Here, the service Y is, for example, a web browser, UPnP, DHCP, or the like.
The operation information collection unit 101 writes operation information in the operation history DB 103. When the operation information stored in the operation history DB 103 reaches a predetermined number, the operation information collection unit 101 deletes the operation information having the oldest time stamp and records newly input operation information.

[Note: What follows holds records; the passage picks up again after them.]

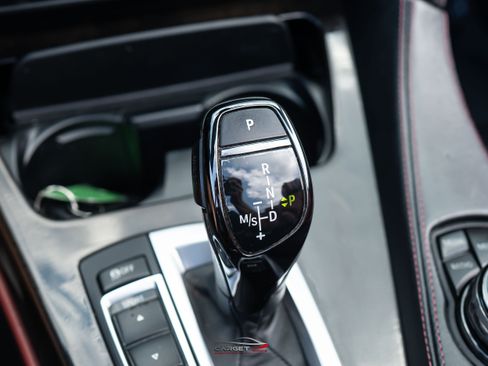 Used 2016 BMW 650i Convertible RWD image 32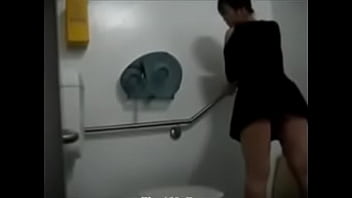 Students Chich In Toilet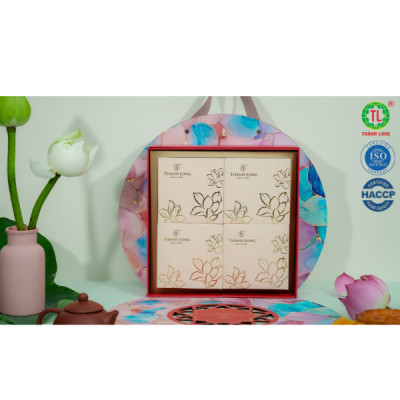 Hộp bánh trung thu 4 bánh 1 trứng 150g - Combo Super A5 - Thành Long (600g) - VIỆT NAM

The input unit 102 receives failure occurrence information from the operator via the input / output device 12. Here, the failure occurrence information is information indicating a failure encountered by the network user. For example, the failure occurrence information is information transmitted by the user to the operator such as “early June”, “Web browser access”, and “error”. The input unit 102 generates failure time information, failure content information, and failure status information candidates based on the input failure occurrence information. Here, the failure time information is information indicating a time (failure period) when there is a failure. The failure content information is information indicating an operation in which a failure has occurred (for example, ftp access, Web access) and the IP address and MAC address of the network device 11 in which the failure has occurred. The failure status information is information indicating a failure status such as an error occurrence, for example. For example, the input unit 102 causes the input / output device 12 to display failure time information, failure content information, and failure status information candidates, and generates failure time information, failure content information, and failure status information selected by the operator. .
The input unit 102 outputs the generated failure time information, failure content information, and failure status information to the operation history extraction unit 104.

  The operation history DB 103 stores the operation information input from the operation information collection unit 101 in the operation history information table. The operation history information table is a table composed of a history of operation information input in the past. Note that details of the operation history information table stored in the operation history DB 103 will be described later with reference to the drawings.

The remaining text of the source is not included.